> What you should do: Note the line containing "Used 2017 Alfa"; from it through the last line below, give only those lines again, exactly, both ends included, skipping pictures.

> Source data:
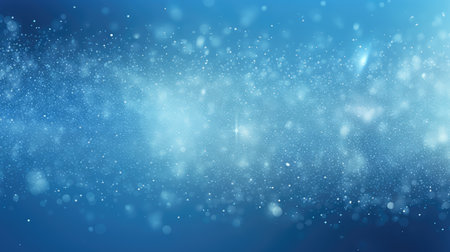 magic dust blue particlesの素材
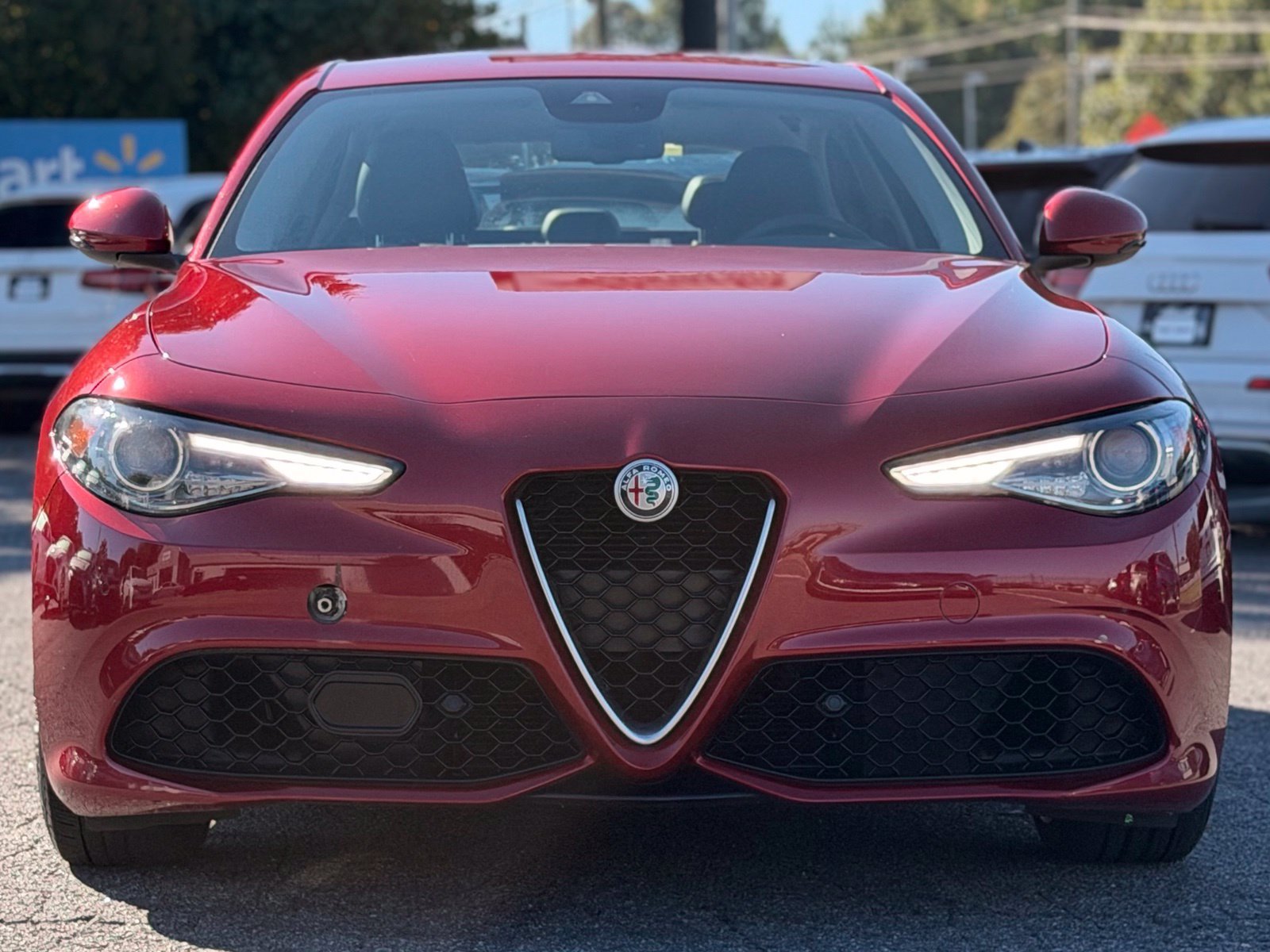 Used 2017 Alfa Romeo Giulia Ti w/ TI 19" Sport Package AWD/4WD image 8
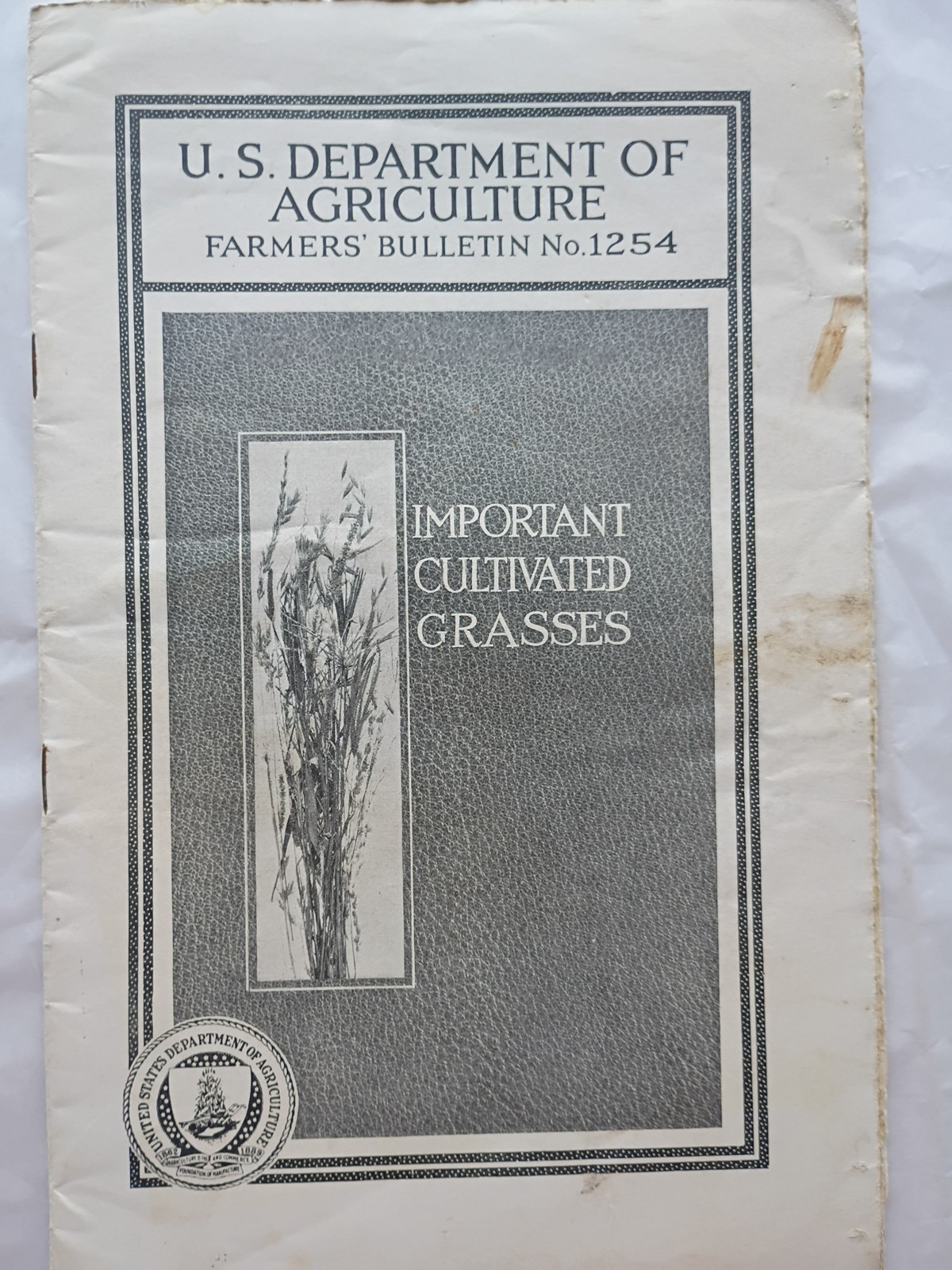 12 USDA Bulletins 1901-50 Farming, Crops, Baling Hay, Soil, Etc (993)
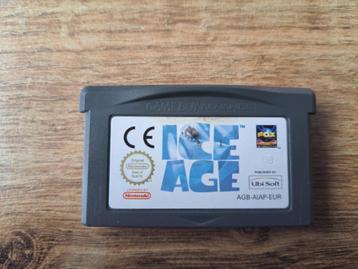 Ice age (2002) Nintendo GameBoy Advance (GBA) PAL beschikbaar voor biedingen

> Response area:
 Used 2017 Alfa Romeo Giulia Ti w/ TI 19" Sport Package AWD/4WD image 8
 12 USDA Bulletins 1901-50 Farming, Crops, Baling Hay, Soil, Etc (993)
 Ice age (2002) Nintendo GameBoy Advance (GBA) PAL beschikbaar voor biedingen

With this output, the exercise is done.